Secrets in CI/CD Pipelines — Stop Leaking Credentials
How to handle secrets in CI/CD pipelines securely. OIDC federation, runtime secret injection, Vault integration, and the anti-patterns that lead to credential leaks in build systems.
Your CI/CD pipeline has more access than any single developer. It can deploy to production, access databases, push to registries, and modify infrastructure. Yet most teams treat pipeline credentials as an afterthought — static API keys stored in CI environment variables that haven’t been rotated since the pipeline was created. If an attacker compromises your CI system, they own everything it can access.
Safe vs Dangerous Patterns
The difference between secure and insecure pipeline secrets management isn’t complexity — it’s awareness.
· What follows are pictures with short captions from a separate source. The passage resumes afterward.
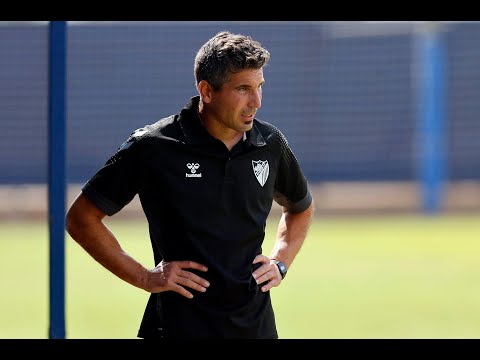 Un Malagueño de diez vence con doblete de Márquez (2-0)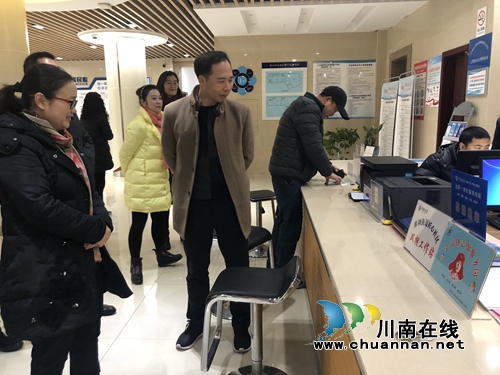 泸州市人社局到张坝街道检查指导劳动保障工作(图3)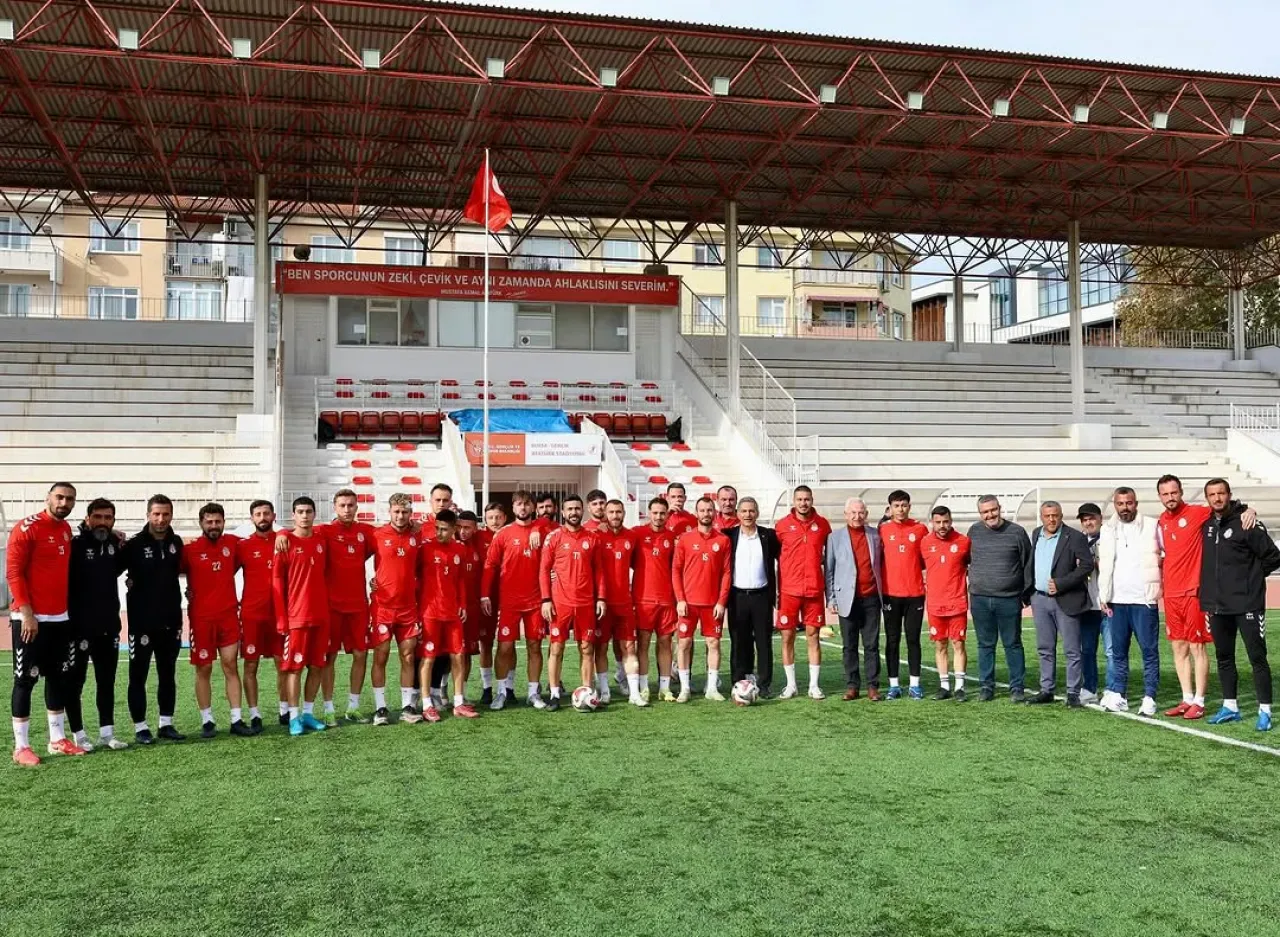 Gemlik Belediyesi, Gemlikspor'u Antrenmanda Ziyaret Etti Gemlik Belediyesi, Gemlikspor'u Antrenmanda Ziyaret Etti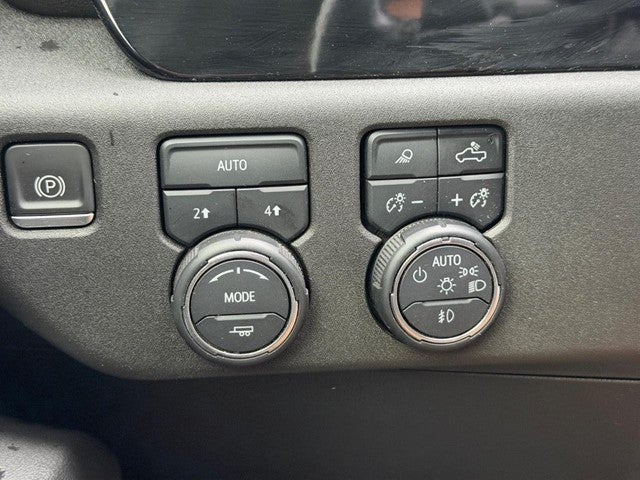 2023 Chevrolet Silverado 1500 4WD Crew Cab 147" LTZ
Most dangerous patterns are defaults that teams never revisit.
CI/CD Secrets — Safe vs Dangerous Patterns
The most common leak vector isn’t sophisticated attacks — it’s accidental log exposure. A debug statement prints environment variables. A failed deployment logs the connection string. A developer adds set -x to troubleshoot a shell script and every variable expansion appears in CI logs. By the time anyone notices, the logs have been visible to everyone with CI access for months.
OIDC Federation: Kill Static Keys
The single most impactful change you can make: replace static cloud credentials with OIDC federation. GitHub Actions, GitLab CI, and CircleCI all support OIDC tokens. Instead of storing AWS access keys in CI variables, the CI provider issues a signed JWT that AWS trusts directly. No static secrets to leak, rotate, or manage.
AWS IAM role trust policies specify which repositories and branches can assume the role. A GitHub Actions workflow gets a short-lived token (default 1 hour) scoped to exactly the permissions that pipeline needs. If the token leaks, it expires automatically. If someone forks the repo, the trust policy doesn’t match and the token request fails.
Setting this up takes 30 minutes per cloud provider. It eliminates the entire category of “leaked CI cloud credentials” vulnerabilities. If your CI pipelines still use static AWS/GCP/Azure keys, migrating to OIDC should be your top priority.
Runtime Secret Injection
Secrets should never exist in pipeline configuration. Not in YAML files, not in Dockerfiles, not in environment variable definitions that are committed to source control. Secrets belong in a secrets manager (HashiCorp Vault, AWS Secrets Manager, GCP Secret Manager) and get injected at runtime.
The pattern: your pipeline authenticates to the secrets manager (via OIDC ideally), fetches the secrets it needs for this specific run, uses them, and the secrets only exist in process memory. They’re never written to disk, never logged, and never persisted in CI artifacts.
For Docker builds, use multi-stage builds with --secret mounts. The secret is available during the build step but never written to any layer. Alternatively, fetch secrets at container startup rather than bake them into the image. An image with embedded secrets is a liability every time it’s stored, transferred, or inspected.
Least Privilege in Pipelines
Each pipeline stage should have access to only the secrets it needs. The build stage needs registry credentials but not database passwords. The deploy stage needs deploy keys but not build dependencies. Yet most teams use a single set of “CI secrets” available to every pipeline stage.
In GitHub Actions, use environments with required reviewers and environment-specific secrets. Production secrets are only available in workflows that have been approved for the production environment. Feature branch builds can’t access production credentials even if a malicious PR tries.
Audit your CI secret access regularly. List every secret, who created it, when it was last rotated, and which pipelines use it. Stale secrets from decommissioned services, test credentials with production access, and secrets nobody remembers creating are all common findings. Delete what you don’t need.
Detecting Secret Leaks
Prevention fails eventually. You need detection. Pre-commit hooks using tools like gitleaks and trufflehog scan for secret patterns before code leaves the developer’s machine. CI-side scanning catches secrets that slip past local hooks. Post-commit monitoring watches for secrets in public repositories and internal logs.
GitHub’s secret scanning automatically detects tokens from major cloud providers and notifies both the developer and the token issuer. GitLab has similar capabilities. Enable these features — they’re free and catch secrets within minutes of being committed.
When a secret leaks, rotate immediately. Don’t assess the risk first, don’t file a ticket, don’t wait for the security team’s opinion. Rotate the credential, verify the new one works, and then investigate the leak. The window between leak and rotation is the window an attacker has to exploit it. Make that window as small as humanly possible.